**Record set**

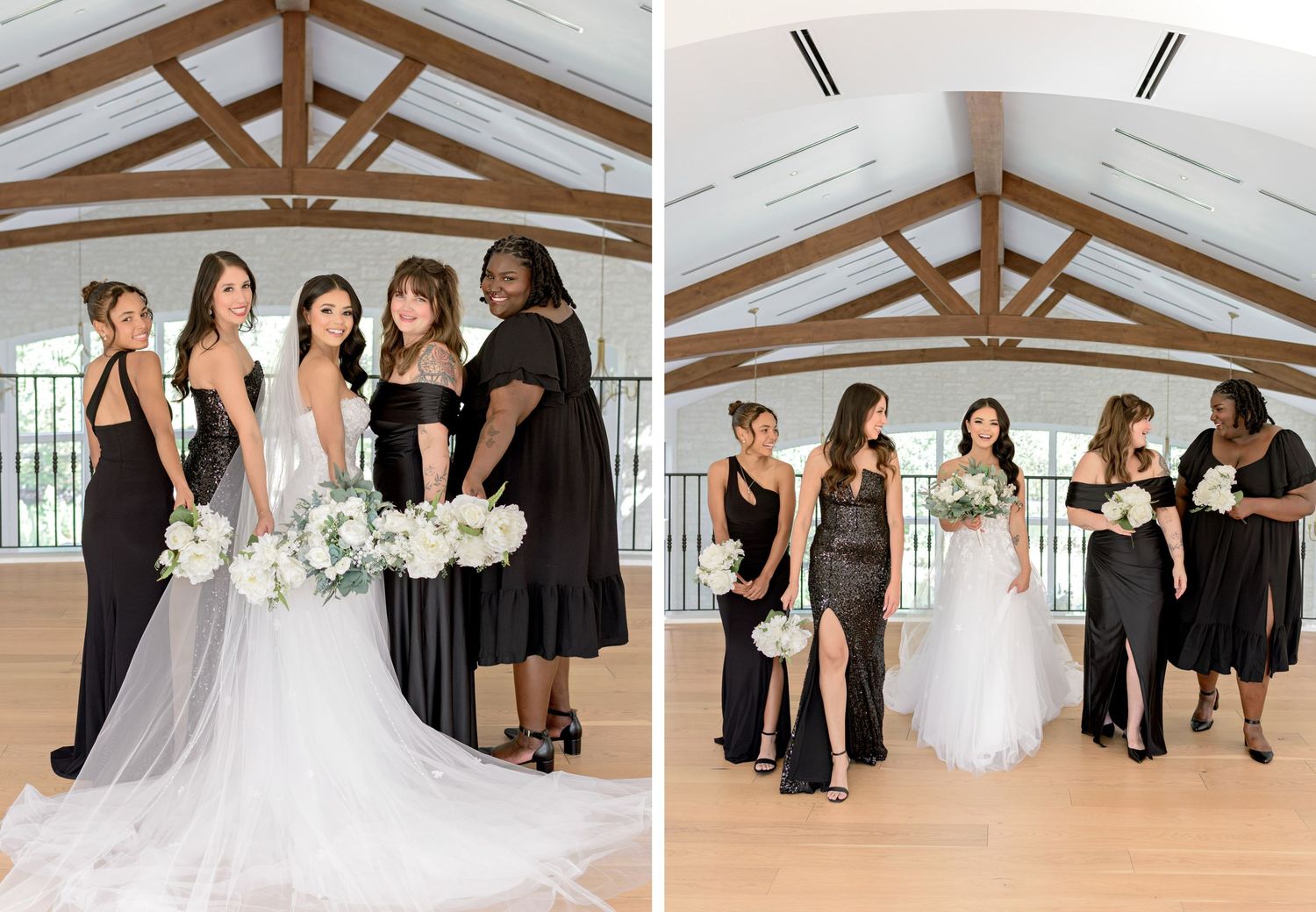 Bridal party in elegant black dresses poses together in a modern white chapel venue for wedding photos.
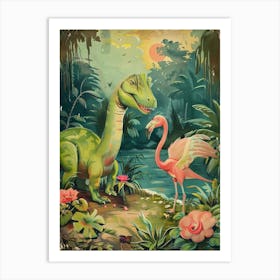 Dinosaur & Flamingo Vintage Storybook Painting Art Print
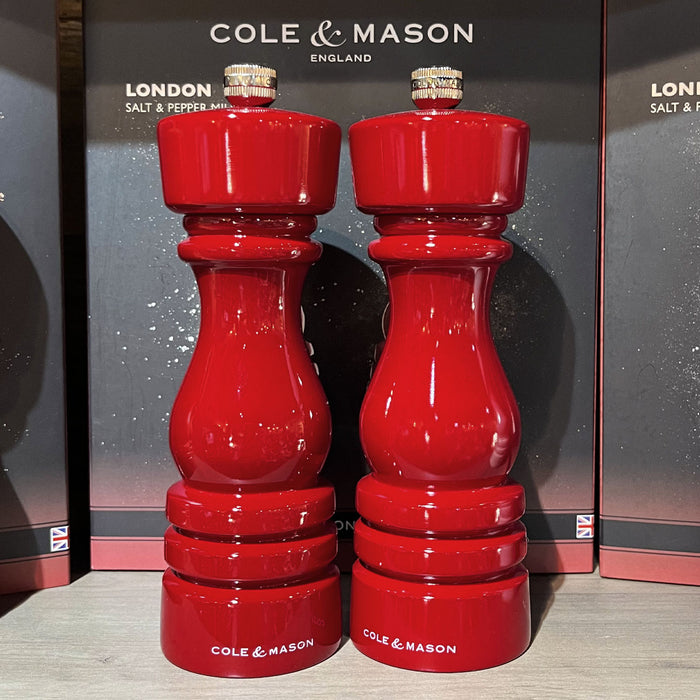 Cole & Mason London Salt & Pepper Mill Set in Red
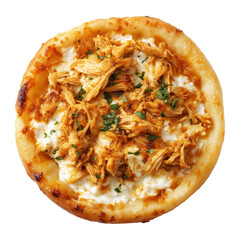 Barbecue Sfiha Esfiha mini pizza topped with shredded chicken, melted cheese, and herbs isolated on white background, concept of fast food and lunch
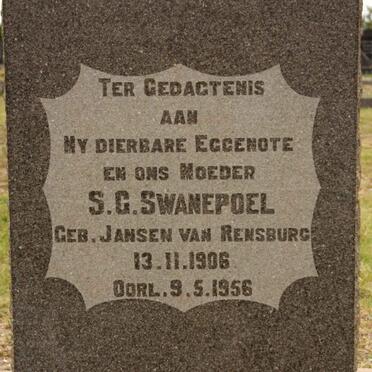SWANEPOEL S.G. nee JANSEN VAN RENSBURG 1906-1956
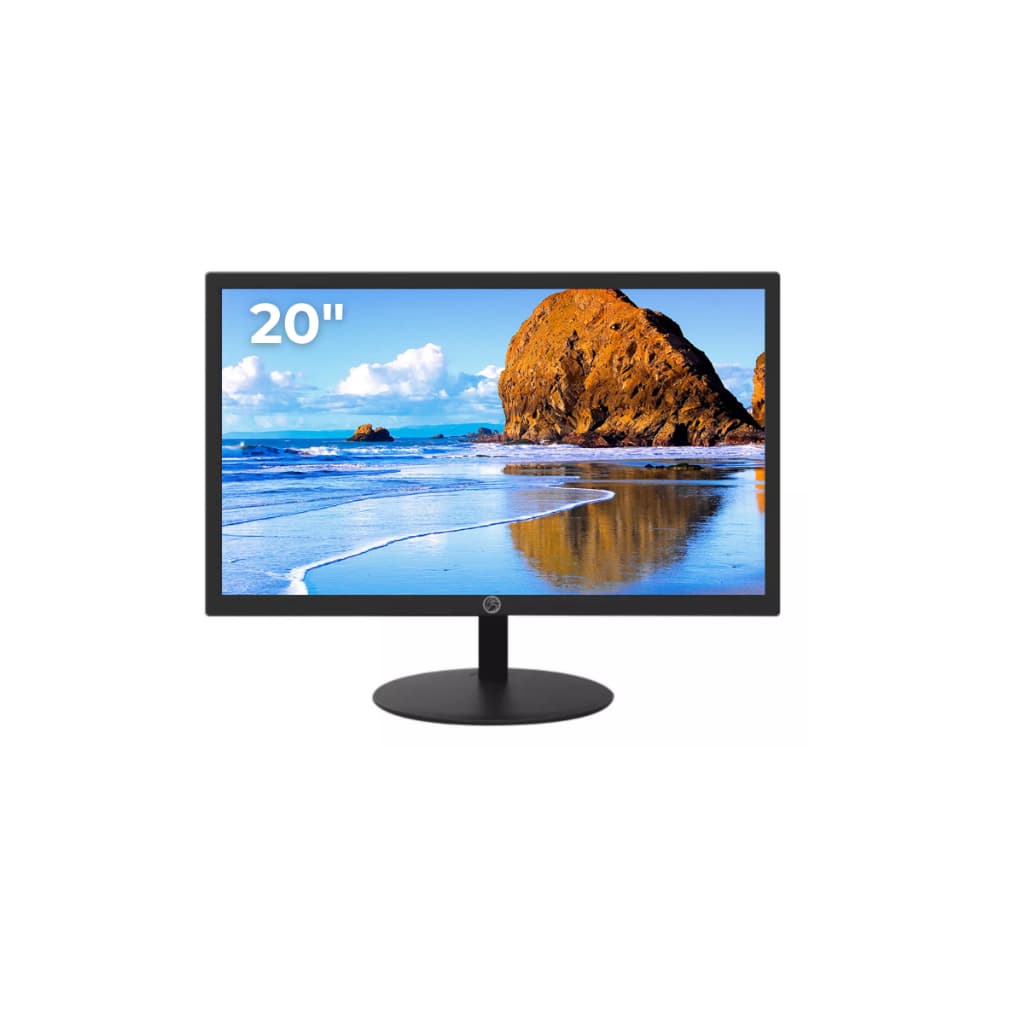 Monitor LED 20" Widescreen 75Hz 1600x900 Bivolt Preto Entradas HDMI e VGA Tela Nítida e Fluida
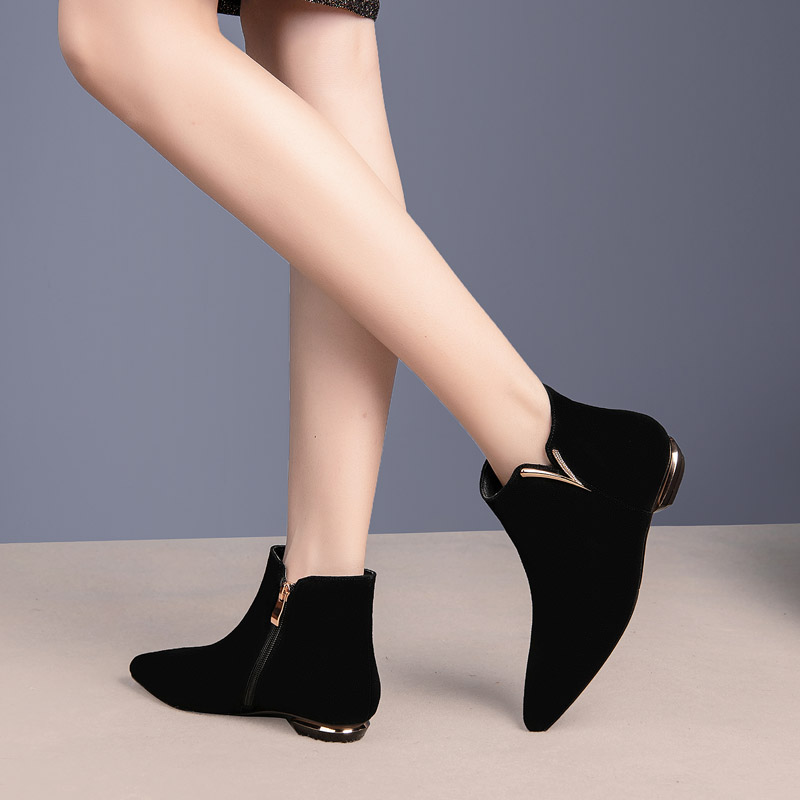 平底秋冬季磨砂皮短筒低跟及裸靴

**About this exercise**
Output everything in the records above word for word, but not the pictures.

**Response to the task**
 Bridal party in elegant black dresses poses together in a modern white chapel venue for wedding photos.
 Dinosaur & Flamingo Vintage Storybook Painting Art Print
 Cole & Mason London Salt & Pepper Mill Set in Red
 Barbecue Sfiha Esfiha mini pizza topped with shredded chicken, melted cheese, and herbs isolated on white background, concept of fast food and lunch
SWANEPOEL S.G. nee JANSEN VAN RENSBURG 1906-1956
 Monitor LED 20" Widescreen 75Hz 1600x900 Bivolt Preto Entradas HDMI e VGA Tela Nítida e Fluida
 平底秋冬季磨砂皮短筒低跟及裸靴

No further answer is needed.